I went to see "Last Tango in Paris" again because it is being revived at Facets Multimedia, that temple of great cinema, where the largest specialized video sales operation in the world subsidizes a little theater where people still gather to see great film projected through celluloid onto a screen. (I am reminded of the readers in Truffaut's "Fahrenheit 451" (1967), who committed books to memory in order to save them.)

It was a good 35 mm print, and I was drawn once again into the hermetic world of these two people, Paul and Jeanne, their names unknown to each other, who meet by chance in an empty Paris apartment and make sudden, brutal, lonely sex. Paul's marriage has just ended with his wife's suicide. Jeanne's marriage is a week or two away, and will supply the conclusion for a film being made by her half-witted fiancee.

In anonymous sex they find something that apparently they both need, and Bertolucci shows us enough of their lives to guess why. Paul (Brando) wants to bury his sense of hurt and betrayal in mindless animal passion. And Jeanne (Schneider) responds to the authenticity of his emotion, however painful, because it is an antidote to the prattle of her insipid boyfriend and bourgeoise mother. Obviously their "relationship," if that's what it is, cannot exist outside these walls, in the light of the real world.

The first time I saw the film there was the shock of its daring. The "butter scene" had not yet been cheapened in a million jokes, and Brando's anguished monologue over the dead body of his wife -- perhaps the best acting he has ever done -- had not been analyzed into pieces. It simply happened. I once had a professor who knew just about everything there was to know about Romeo and Juliet, and told us he would trade it all in for the opportunity to read the play for the first time. I felt the same way during the screening: I was so familiar with the film that I was making contact with the art instead of the emotion.
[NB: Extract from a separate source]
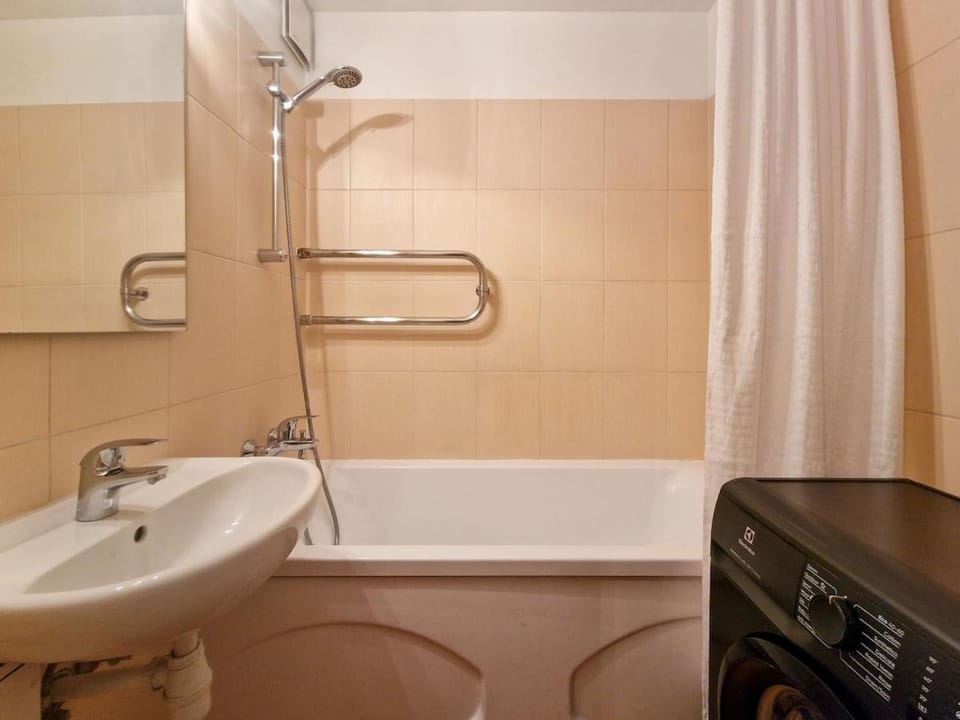 Bathroom, washing machine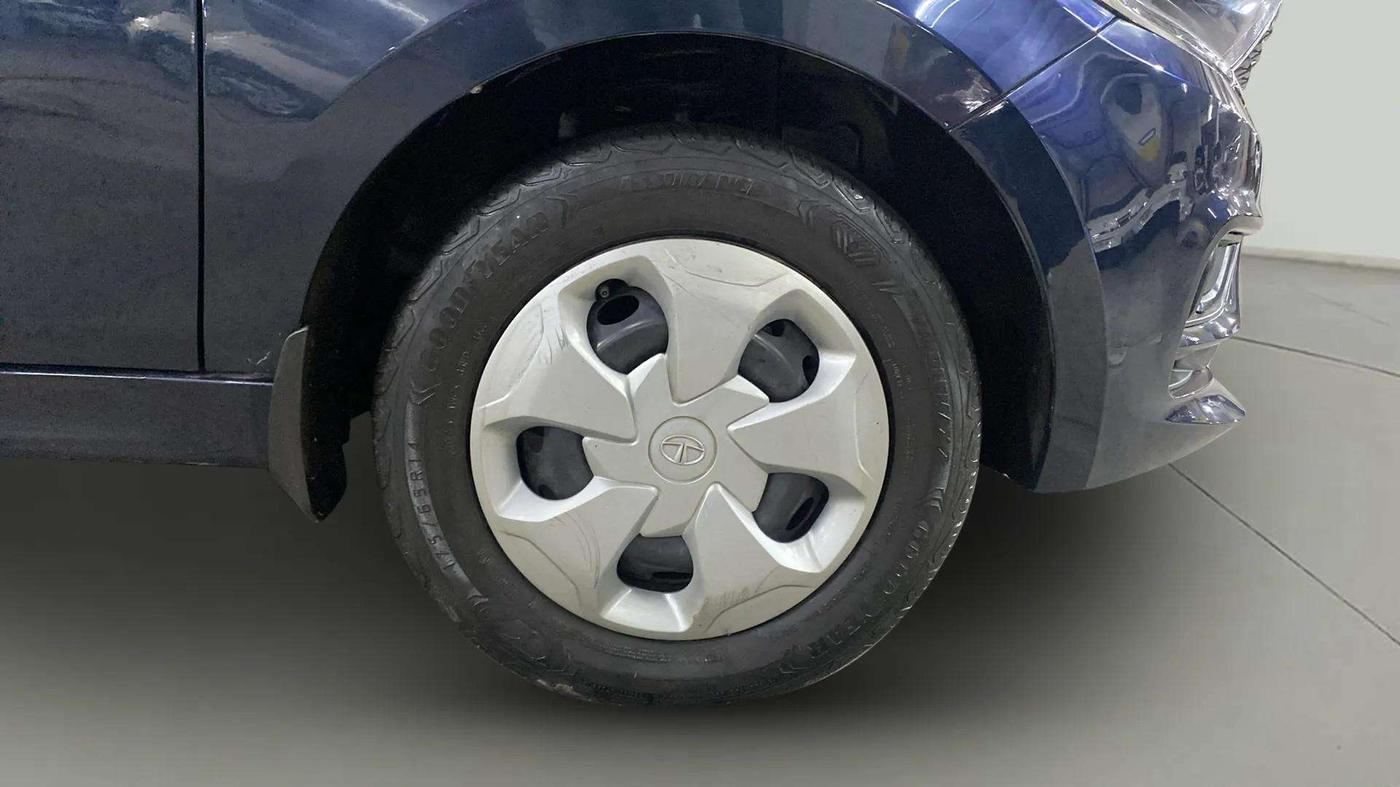 2022 Tata Tiago XT CNG, CNG, Manual, 40,779 km, Right Front Wheel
The look, feel and sound of the film are evocative. The music by Gato Barbieri is sometimes counterpoint, sometimes lament, but it is never simply used to tell us how to feel. Vittorio Storaro's slow tracking shots in the apartment, across walls and the landscapes of bodies, are cold and remote; there is no attempt to heighten the emotions. The sex is joyless and efficient, and beside the point: Whatever the reasons these two people have for what they do with one another, sensual pleasure is not one of them.

Brando, who can be the most mannered of actors, is here often affectless. He talks, he observes, he states things. He allows himself bursts of anger and that remarkable outpouring of grief, and then at the end he is wonderful in the way he lets all of the air out of Paul's character by turning commonplace with the speech where he says he likes her. The moment is wonderful because it releases the tension, it shows what was happening in that apartment, and we can feel the difference when it stops.

In my notes I wrote: "He is in scenes as an actor, she is in scenes as a thing." This is unfair. Maria Schneider, an unknown whose career dissipated after this film, does what she can with the role, but neither Brando nor Bertolucci was nearly as interested in Jeanne as in Paul. Because I was young in 1972, I was unable to see how young Jeanne (or Schneider) really was; the screenplay says she is 20 and Paul is 45, but now when I see the film she seems even younger, her open-faced lack of experience contradicting her incongrously full breasts. Both characters are enigmas, but Brando knows Paul, while Schneider is only walking in Jeanne's shoes.

The ending. The scene in the tango hall is still haunting, still part of the whole movement of the third act of the film, in which Paul, having created a searing moment out of time, now throws it away in drunken banality. The following scenes, leading to the unexpected events in the apartment of Jeanne's mother, strike me as arbitrary and contrived. But still Brando finds a way to redeem them, carefully remembering to park his gum before the most important moment of his life.

Roger Ebert

Roger Ebert was the film critic of the Chicago Sun-Times from 1967 until his death in 2013. In 1975, he won the Pulitzer Prize for distinguished criticism.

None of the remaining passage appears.